++++ Records shown
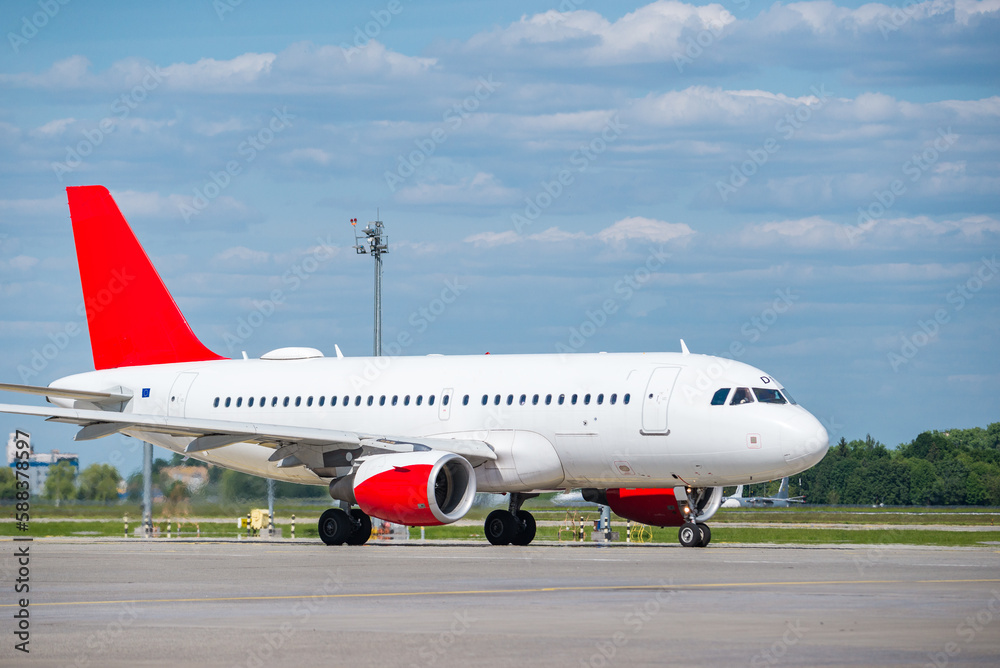 Passenger airplane on runway at sunny day Passenger airplane on runway at sunny day
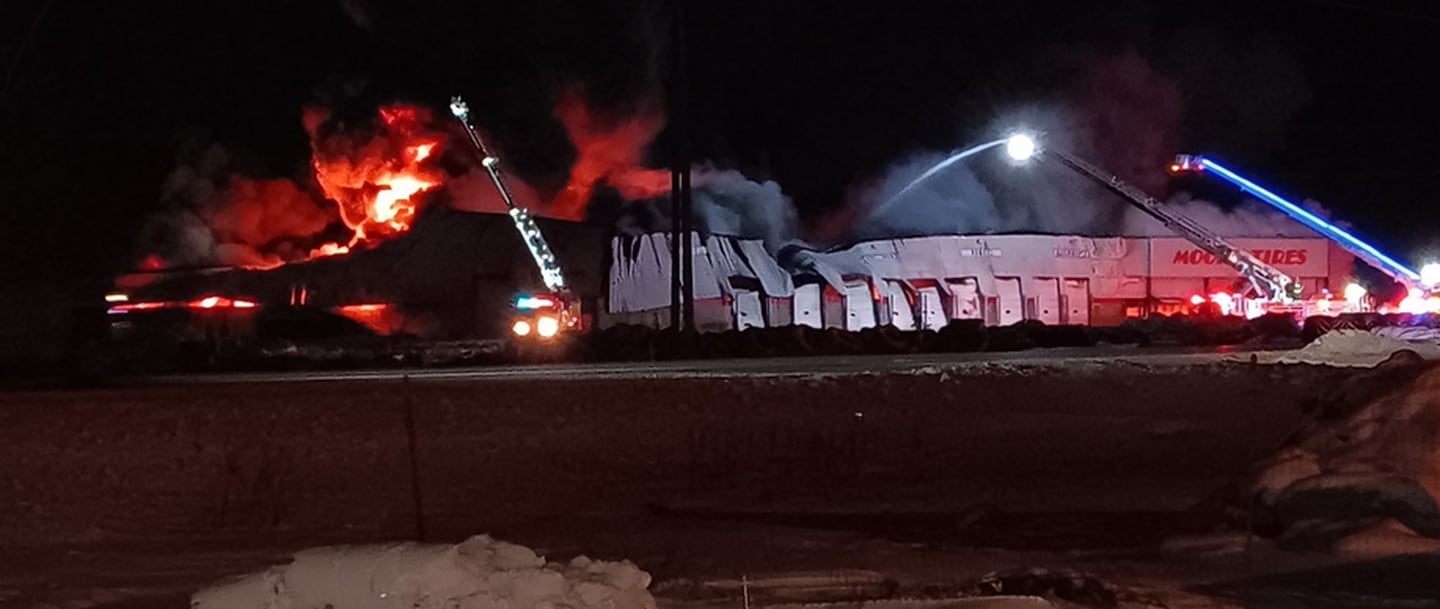 Firefighters are on scene in subzero temperatures battling a massive fire that has destroyed Moore Tires, 2411 E. Rock Falls Road/U.S. Route 30.
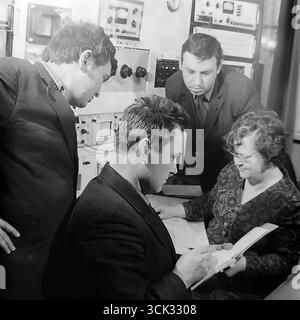 A group of Soviet engineers and technicians in a research and development lab or the central factory laboratory of the "Slavtyazhmash" plant (Sloviansk, Ukrainian SSR) discussing work results in February 1975. The archival photograph captures a team of specialists gathered around a table with a logbook, against a background of racks with control and measurement equipment. This scene reflects the spirit of the scientific and technical intelligentsia of the Era of Stagnation, emphasizing the importance of teamwork in solving production and research tasks Stock Photo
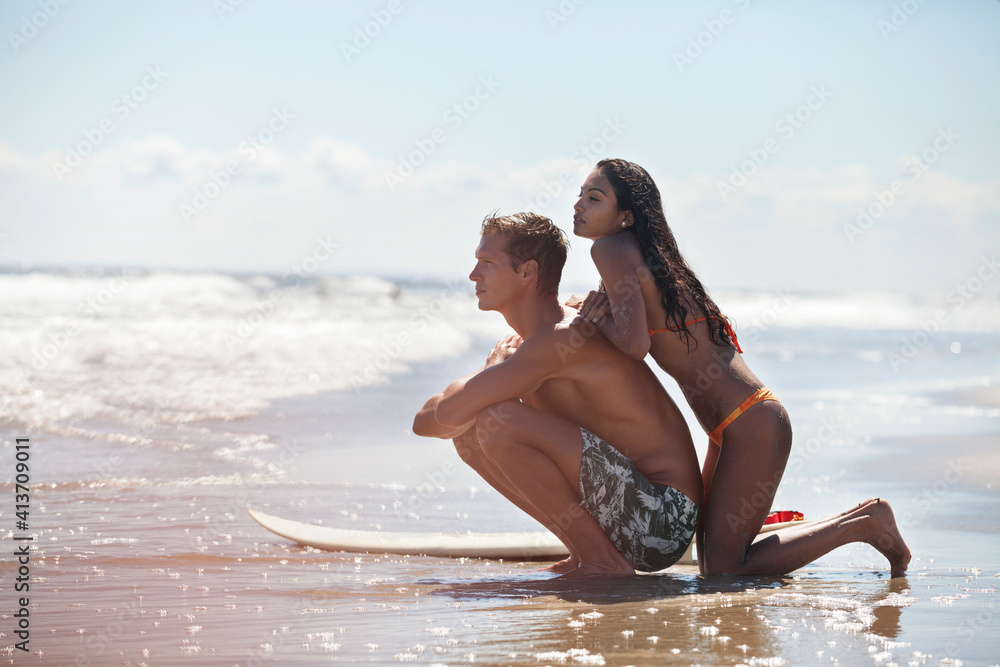 Side view of couple with surfboard at shore on sunny day Side view of couple with surfboard at shore on sunny day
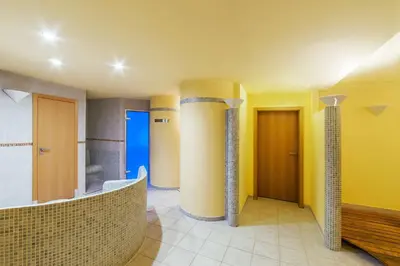 a bathroom with yellow walls and columns in a room at NH Prague City in Prague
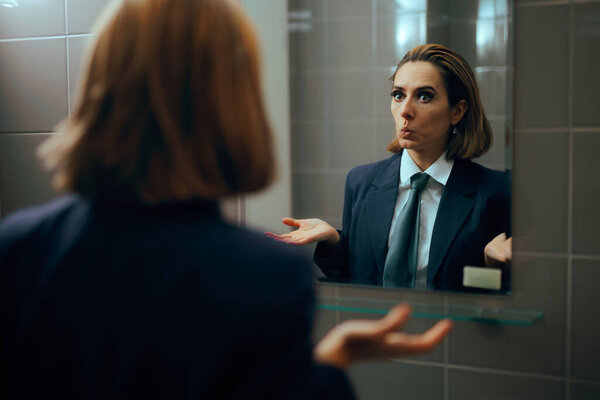 Funny Businesswoman Checking herself in the Mirror Practicing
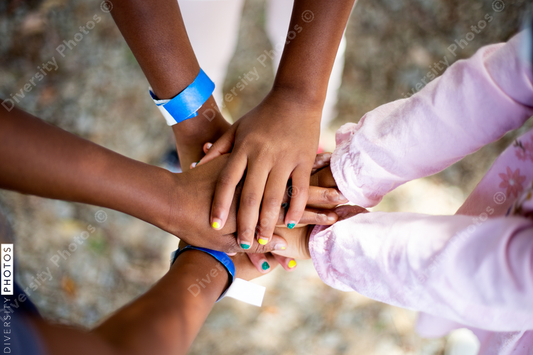 Black kids stacking hands together outdoors in park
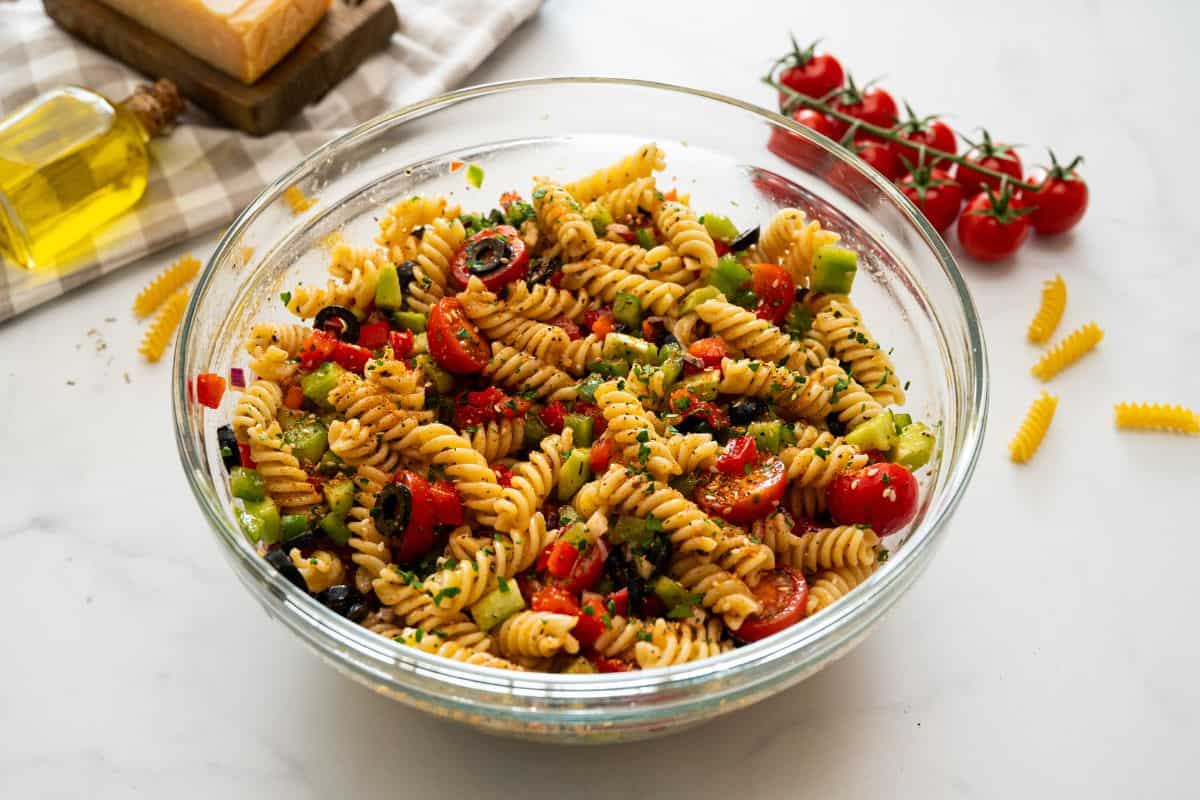 Mixing bowl with rotini noodles tossed with Italian dressing, peppers, cucumbers, olives, tomatoes, and salad supreme seasoning.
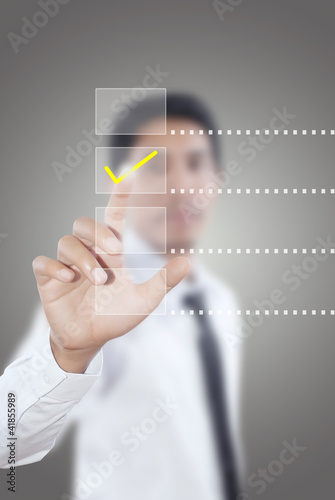 Photo: Businessman pushing correct choice. Businessman pushing correct choice.
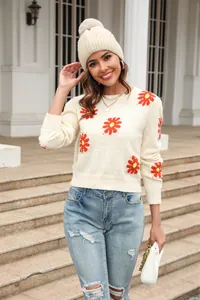 Detailed look of a cream floral knit sweater featuring orange daisy patterns and a crew neck.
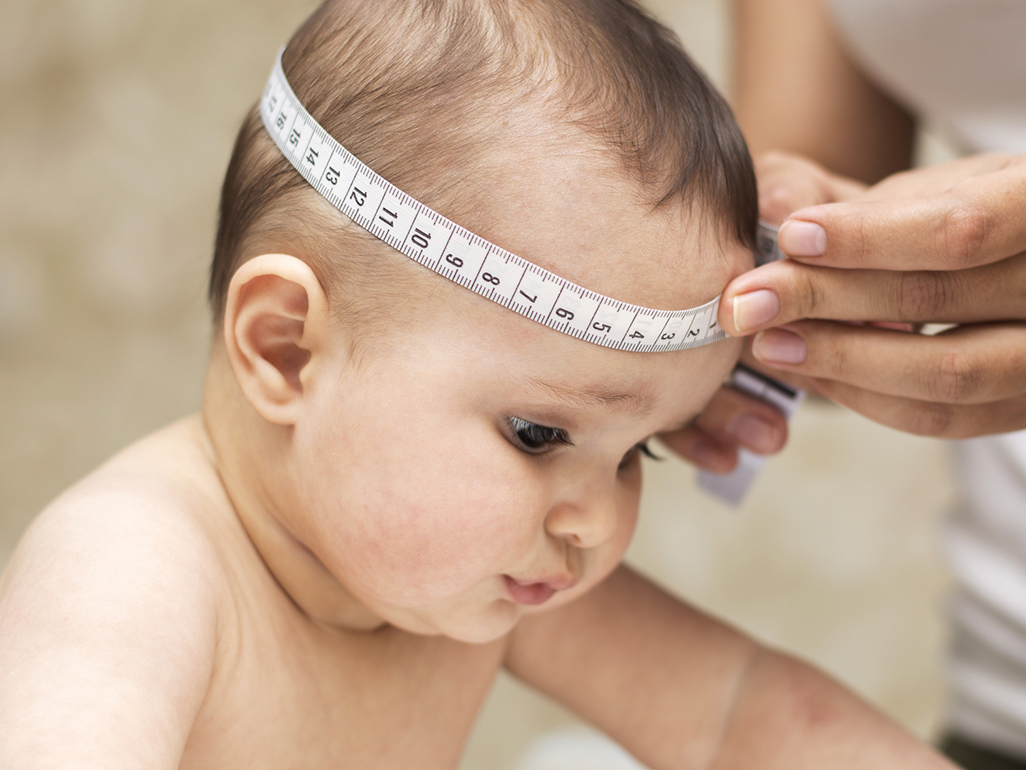 Baby getting her head measured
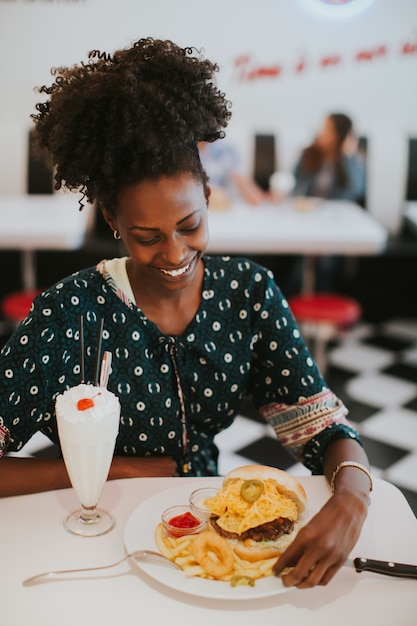 Jonge Afrikaanse Amerikaanse vrouw die in diner eet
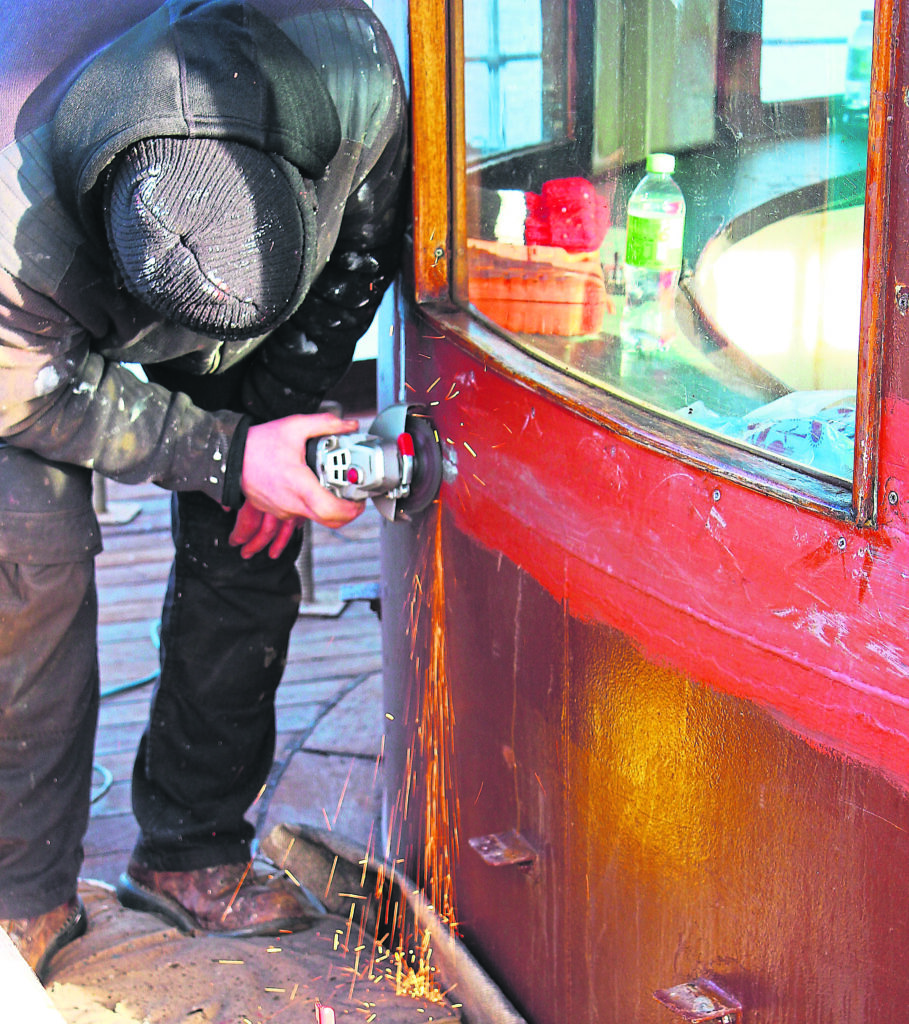 Sparks fly as work goes on to kill rust on the passenger shelter. PHOTO: HUGH DOUGHERTY
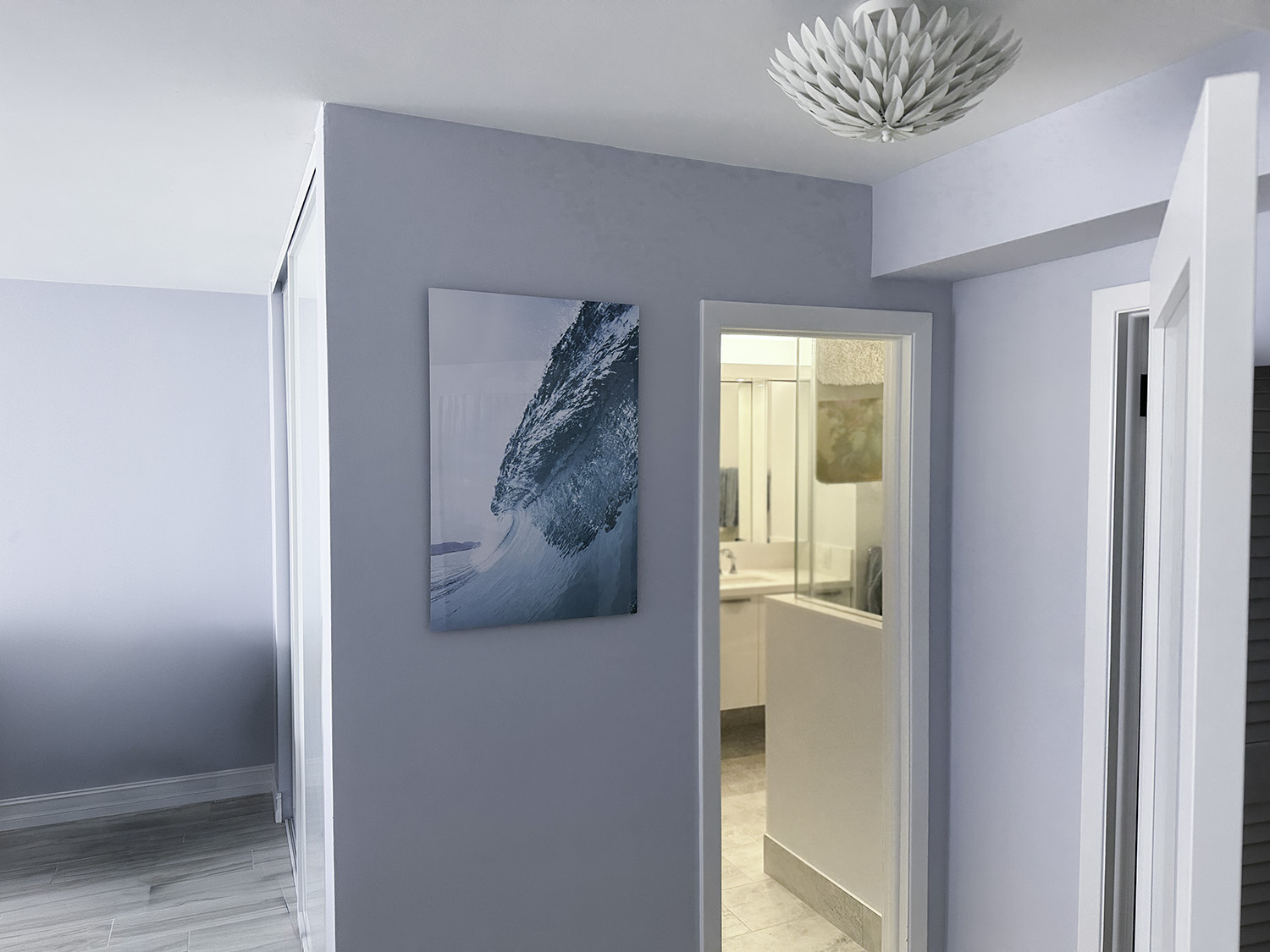 fine art underwater photograph of aan ocean wave, displayed in a hallway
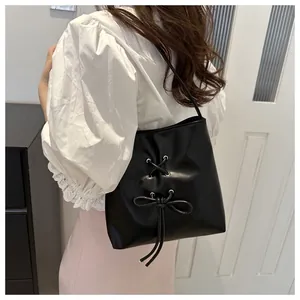 Vue latérale d'un sac seau en cuir noir avec nœud papillon porté par un mannequin élégant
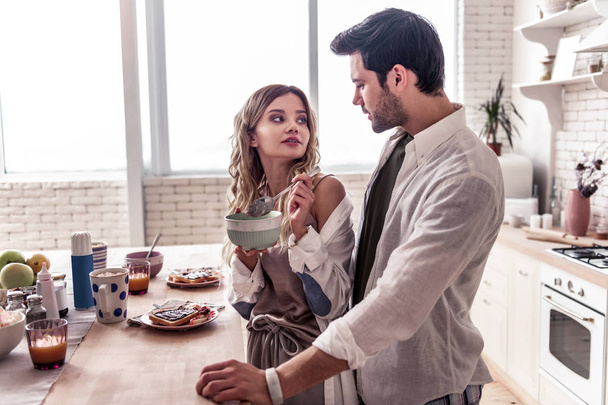 Pretty long-haired young woman in a white shirt and her husband enjoying breakfast - Foto, Imagem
++++++++
• **Instructions to follow**
An exact copy of the listing is required, with every image removed.

• **Final answer**
 Passenger airplane on runway at sunny day Passenger airplane on runway at sunny day
 Firefighters are on scene in subzero temperatures battling a massive fire that has destroyed Moore Tires, 2411 E. Rock Falls Road/U.S. Route 30.
 A group of Soviet engineers and technicians in a research and development lab or the central factory laboratory of the "Slavtyazhmash" plant (Sloviansk, Ukrainian SSR) discussing work results in February 1975. The archival photograph captures a team of specialists gathered around a table with a logbook, against a background of racks with control and measurement equipment. This scene reflects the spirit of the scientific and technical intelligentsia of the Era of Stagnation, emphasizing the importance of teamwork in solving production and research tasks Stock Photo
 Side view of couple with surfboard at shore on sunny day Side view of couple with surfboard at shore on sunny day
 a bathroom with yellow walls and columns in a room at NH Prague City in Prague
 Funny Businesswoman Checking herself in the Mirror Practicing
 Black kids stacking hands together outdoors in park
 Mixing bowl with rotini noodles tossed with Italian dressing, peppers, cucumbers, olives, tomatoes, and salad supreme seasoning.
 Photo: Businessman pushing correct choice. Businessman pushing correct choice.
 Detailed look of a cream floral knit sweater featuring orange daisy patterns and a crew neck.
 Baby getting her head measured
 Jonge Afrikaanse Amerikaanse vrouw die in diner eet
 Sparks fly as work goes on to kill rust on the passenger shelter. PHOTO: HUGH DOUGHERTY
 fine art underwater photograph of aan ocean wave, displayed in a hallway
 Vue latérale d'un sac seau en cuir noir avec nœud papillon porté par un mannequin élégant
 Pretty long-haired young woman in a white shirt and her husband enjoying breakfast - Foto, Imagem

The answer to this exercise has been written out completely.